On the other hand, the AMF and the Court reviewed the situation of the Hermès family members pragmatically, and recognized that they were acting as a “group”, mainly because of their control of the general partner, the public acknowledgement of their control over the company, the stability of their holding over the years and the fact that they generally voted their shares in limited partners’ meeting in the same fashion, even though the family members did not declare themselves historically as acting in concert.

The AMF and the Court also accepted that the restructuring did not alter the public company’s control, since ultimately the shares contributed to the Family Holing Company would be owned –although indirectly- by the same persons.

3.      Projected changes to the disclosure rules

Under French law, a person must disclose its interest in a public company when it  crosses certain thresholds in terms of shares or voting rights. The first of these thresholds is 5%, the other thresholds being 10, 15, 20, 25, 30, 50, 2/3, 90 and 95%. The failure to disclose can entail substantial penalties (up to 10 million euros or ten times the profit realized) as well as the deprivation of the voting rights attached to the shares above the threshold(s) that has failed to be disclosed.

For the computation of the interest of a person in a company, certain rights to shares must be taken into consideration, e.g. shares owned by a third party action in concert with that person or shares which that person may acquire at its discretion. Other types interests, including certain economic interests, are not aggregated but must be separately disclosed when the legal thresholds are otherwise met.

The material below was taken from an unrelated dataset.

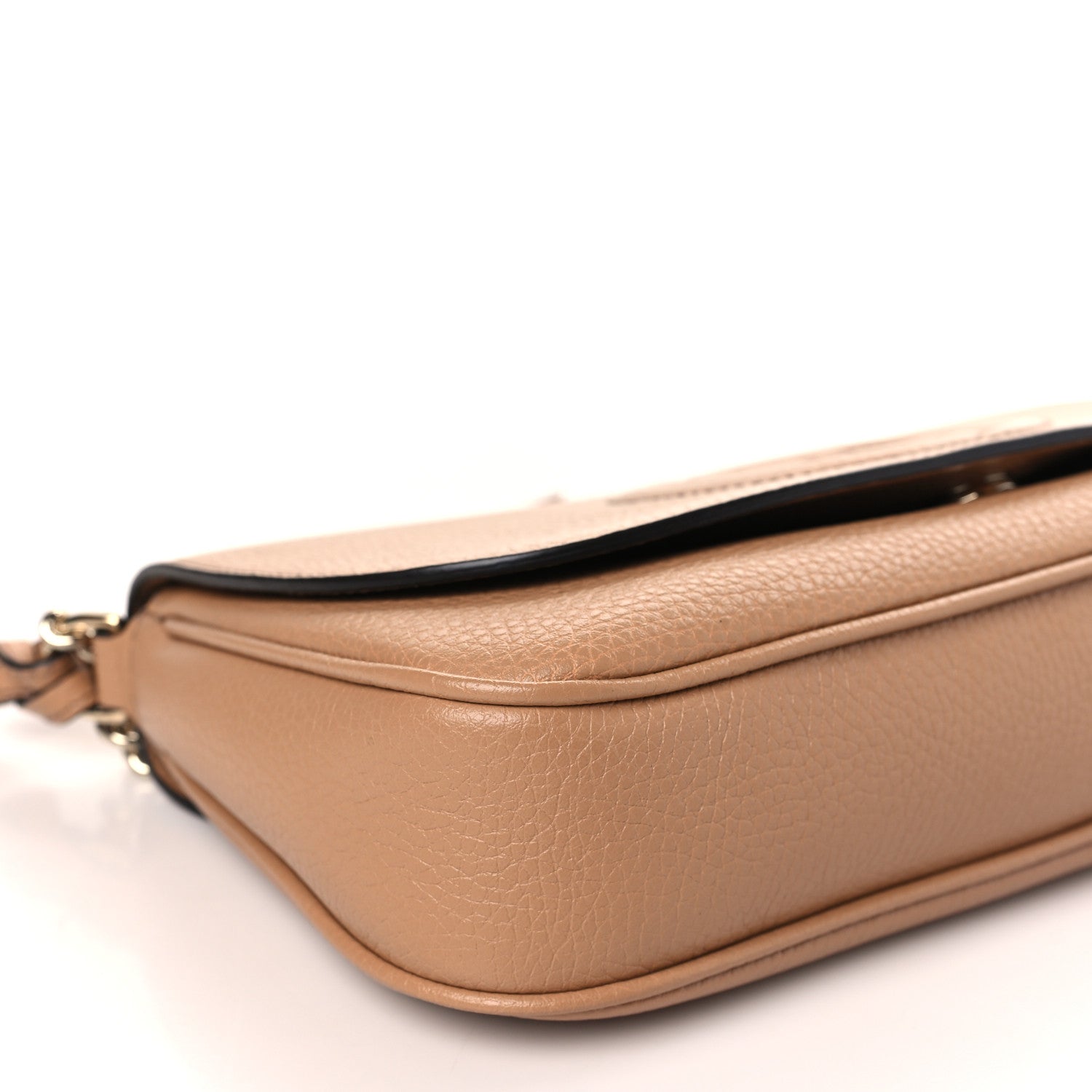 Gucci Pebbled Calfskin Medium Soho Flap Crossbody Camelia 8 of 9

Therefore, cash-settled equity derivatives are unknown to an issuer for as long as a legal threshold is not crossed through the acquisition of shares or other assimilated interests, unless the counterparty to the cash-settled derivative is acting in concert with, or on behalf of, the beneficiary. On the other hand, physically settled equity derivatives (or derivative which the beneficiary can decide to settle in shares) must be assimilated to shares.

This inconsistency was used by LVMH to withhold from the public its economic interest in Hermès, since LVMH had otherwise acquired over the past 10 years a number of shares that was slightly below 5%.

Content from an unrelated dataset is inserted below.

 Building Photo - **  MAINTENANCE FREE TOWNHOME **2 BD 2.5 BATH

In October 2010, LVMH agreed with the banks to modify the derivatives to provide for physical settlement, and acquired the underlying shares, at which point it disclosed its entire interest, to the surprise of Hermès, the public and the AMF.

The AMF has since then decided to launch an investigation in LVMH’s stake-building.

In the recent past, Wendel (a French financial investment company) had also used cash-settled equity derivatives to facilitate its stake-building in Saint Gobain. The derivatives were not amended to become physically settled derivatives as in the LVMH/Hermès case, but Wendel’s acquisitions of Saint Gobain shares were facilitated by the unwinding of the position of the banks counterparty to the derivatives, when such derivatives were terminated.

In this case, the AMF, in a decision of December 13, 2010[1], considered that Wendel wrongfully withheld from the public the material information that it was preparing to acquire a significant interest in Saint Gobain.

These two cases made it evident that French disclosure requirements were not suited to the modern techniques of stake-building.

This led a member of the French higher parliamentary chamber (the “Sénat”) to propose the introduction of a provision whereby cash settled derivatives should be added to the shares owned by a person in the computation of its disclosure obligations.

This provision is expected to pass but there is still parliamentary debate as to whether the shares underlying such derivatives should be taken into account for the computation of the 30% threshold for the obligation to launch a mandatory tender offer.


[1] This decision is being appealed

The views expressed herein are solely those of the author and have not been endorsed, confirmed or approved by XBMA or any of the editors of XBMA Forum, nor by XBMA’s founders, members, contributors, academic partners, advisory board members, or others. No inference to the contrary should be drawn.